### Prompt:
Find the line with "My final thoughts: just" in the records below. Output exactly from there until after the line with "Welcome back to", without pictures.

### Data supplied:
..........

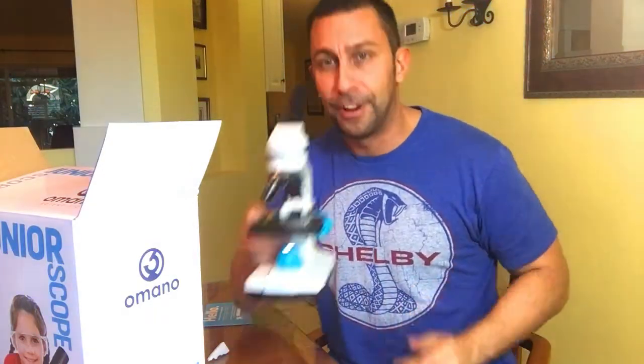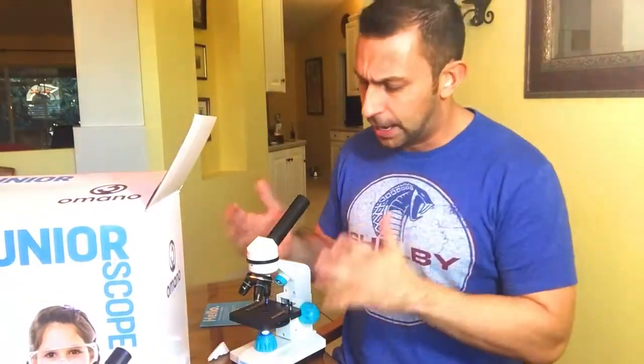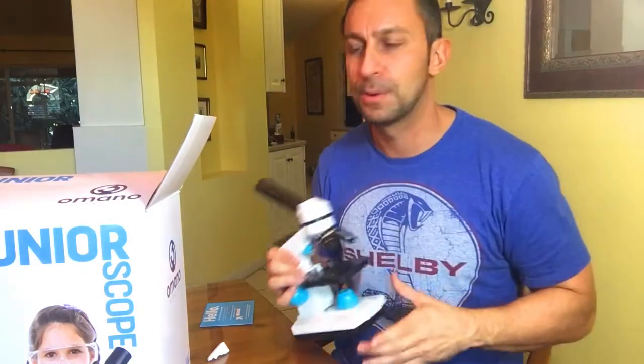That's a lot of fun. Again, this is available — there's a link in the description below. Pick yourself up a junior microscope; the family's going to love it. It's a good educational gift under a hundred bucks and something your kid will use for years and years to come. It comes with everything you need, including the batteries. Check it out — link in the description below. Microscope.com, thanks for watching.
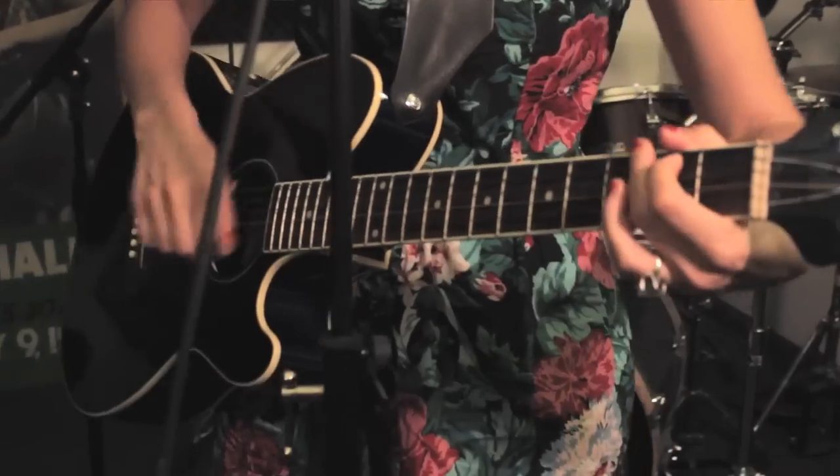Hi, my name is Jessica Delfino. I'm a musician in New York City, and I also teach guitar and ukulele — not at the same time. I'm going to talk to you today about how to decorate a guitar pick and customize it in your own way.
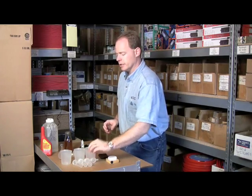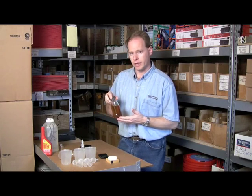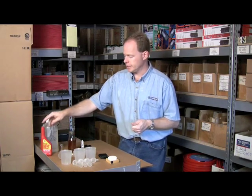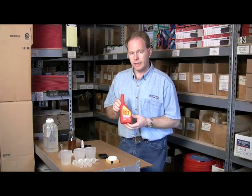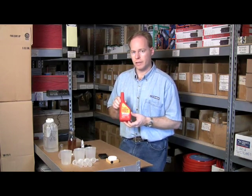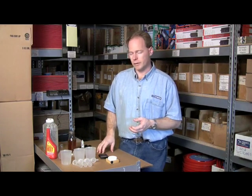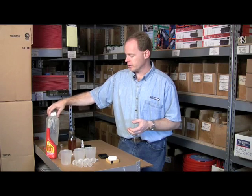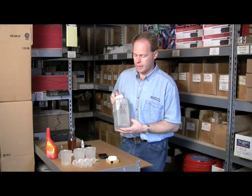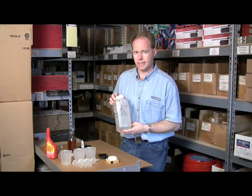To get started, you're going to need some oil — this is basic restaurant-grade used oil. You'll need some isopropyl alcohol, such as Iso-HEET from a local store, or isopropyl alcohol from a drugstore. You'll also need some distilled water in a container, and a little bit of catalyst — either sodium hydroxide or potassium hydroxide.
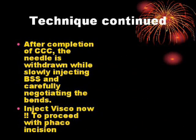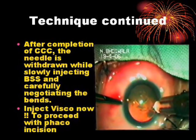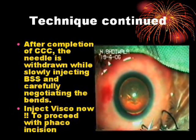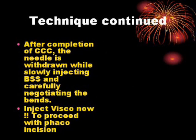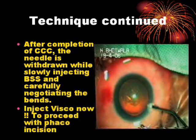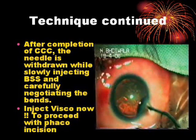Technique continued. After completion of CCC, the needle is withdrawn while slowly injecting BSS and carefully negotiating the bends. Inject viscoelastic now to proceed with the phaco incision.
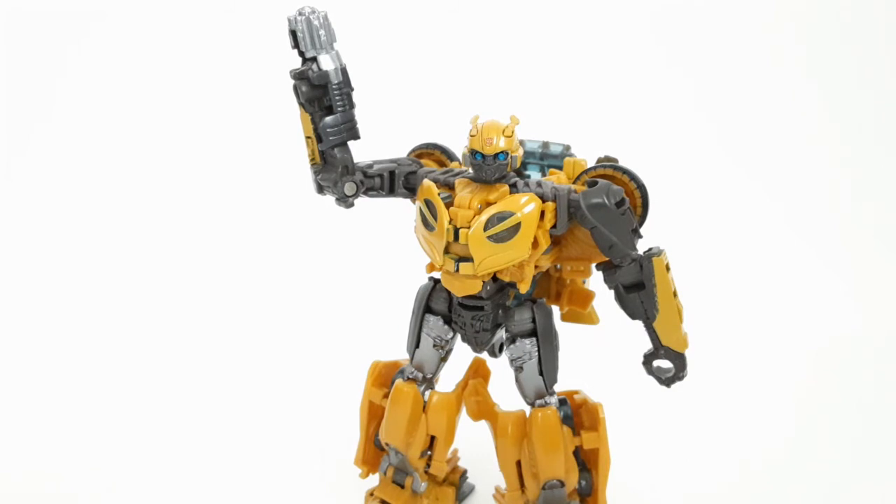My final thoughts: just a nice, solid remold/retool. The mold has been used a lot at this point. Neat retool, I guess. Anyway guys, make sure you like, subscribe, comment, and share for more. Comment down below which version of the mold you prefer. As always, till all are one.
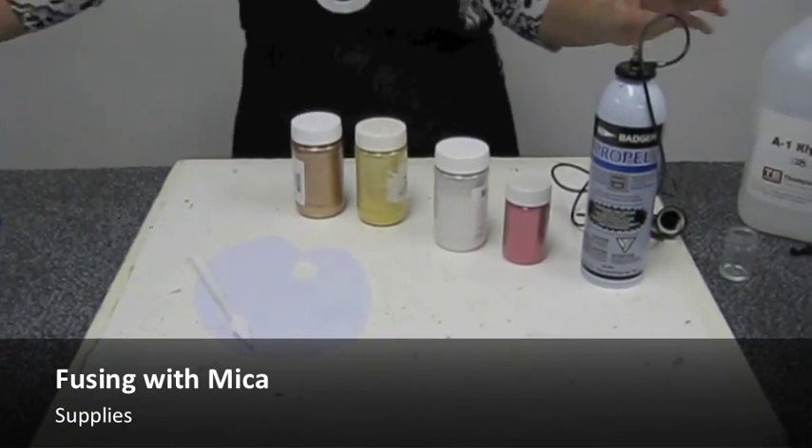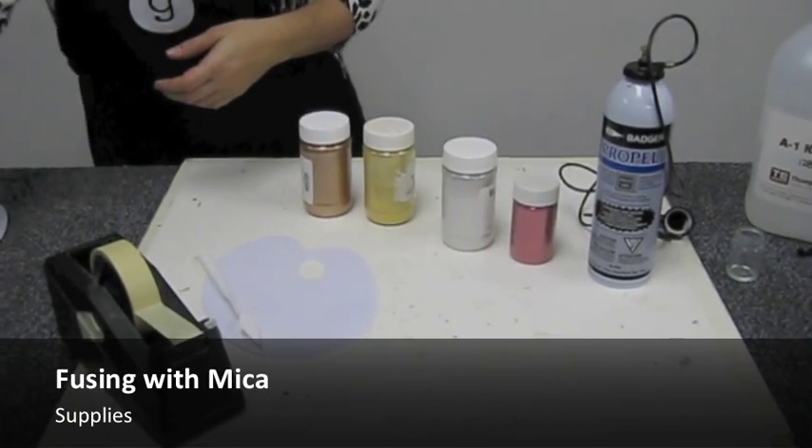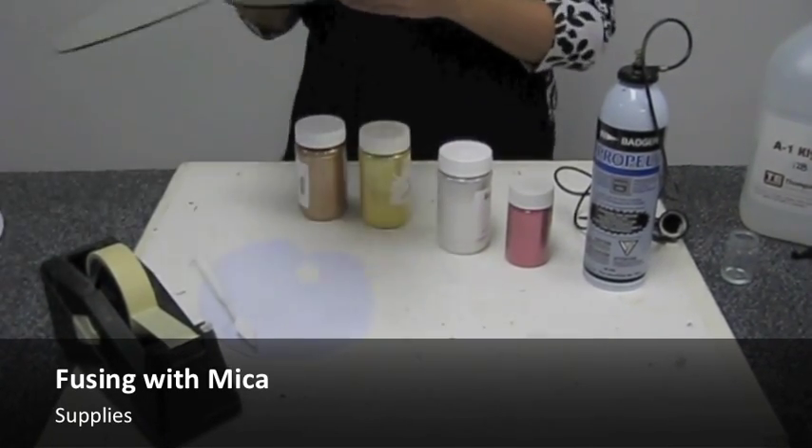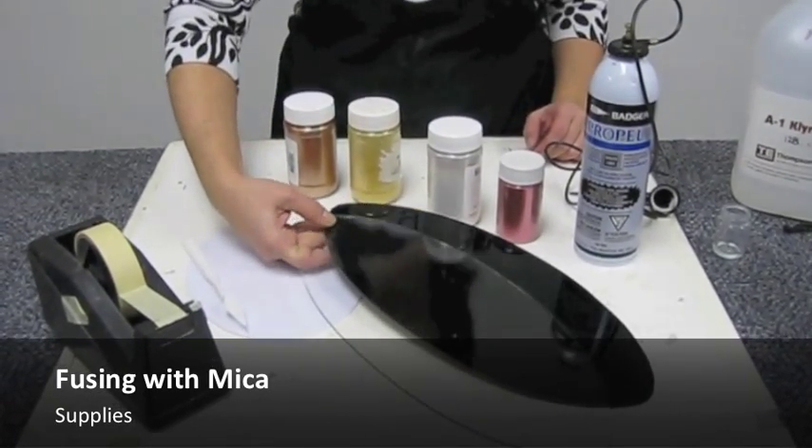Clearfire fusing medium, masking tape and a utility knife, and two pieces of equal size compatible fusing glass. Black and clear are recommended.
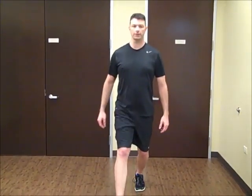With a nice tall posture, we're going to step out front. Both knees bend. Back knee doesn't quite touch the ground, but the hairs of your knee can. When you come up, drive through the foot, push yourself up.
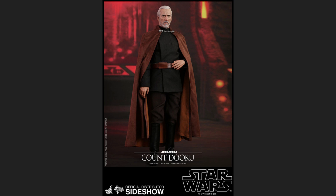Welcome back to the channel. Today I want to talk about the release of Count Dooku by Hot Toys. This figure looks really incredible. It's really cool that Hot Toys has finally decided to start touching upon the second trilogy — the first three episodes of the Star Wars universe.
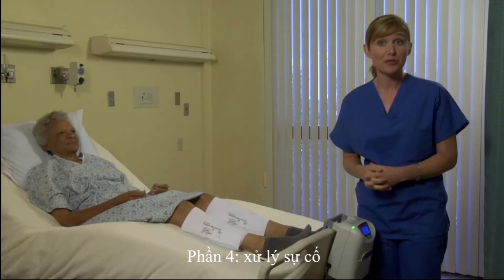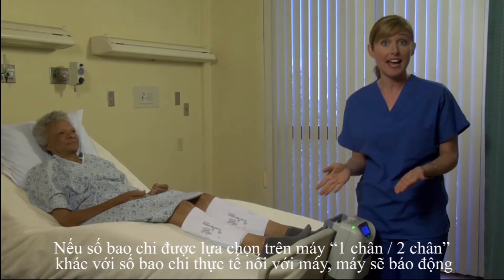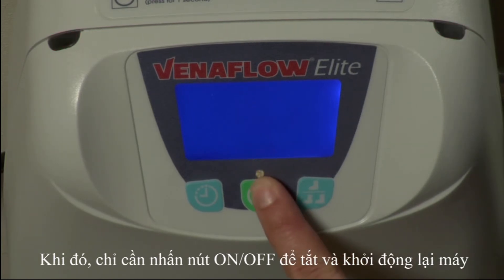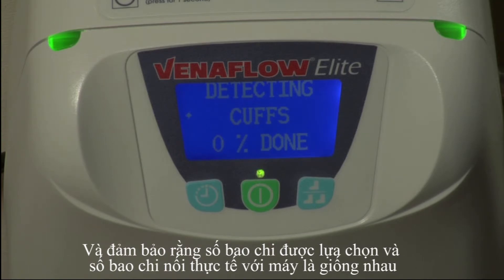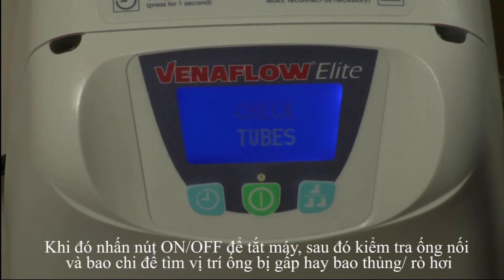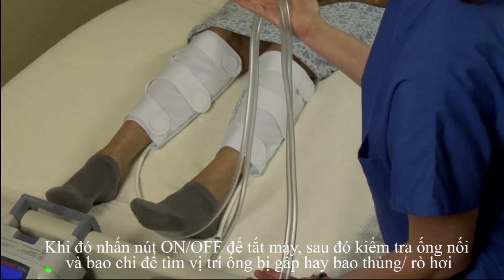Now we're ready to troubleshoot. If there is a discrepancy between what the device detects and how many cuffs are attached, the device will go into a leg alarm. If this happens, simply press the green on-off reset button and ensure the screen and the number of cuffs attached match. If there is a leak or kink in the tubing or cuffs, you may get a check tube alarm. If this occurs, press the green on-off reset button and check tubes and cuffs for obvious leaks or kinks.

..........

### Written response:
My final thoughts: just a nice, solid remold/retool. The mold has been used a lot at this point. Neat retool, I guess. Anyway guys, make sure you like, subscribe, comment, and share for more. Comment down below which version of the mold you prefer. As always, till all are one.
Clearfire fusing medium, masking tape and a utility knife, and two pieces of equal size compatible fusing glass. Black and clear are recommended.
With a nice tall posture, we're going to step out front. Both knees bend. Back knee doesn't quite touch the ground, but the hairs of your knee can. When you come up, drive through the foot, push yourself up.
Welcome back to the channel. Today I want to talk about the release of Count Dooku by Hot Toys. This figure looks really incredible. It's really cool that Hot Toys has finally decided to start touching upon the second trilogy — the first three episodes of the Star Wars universe.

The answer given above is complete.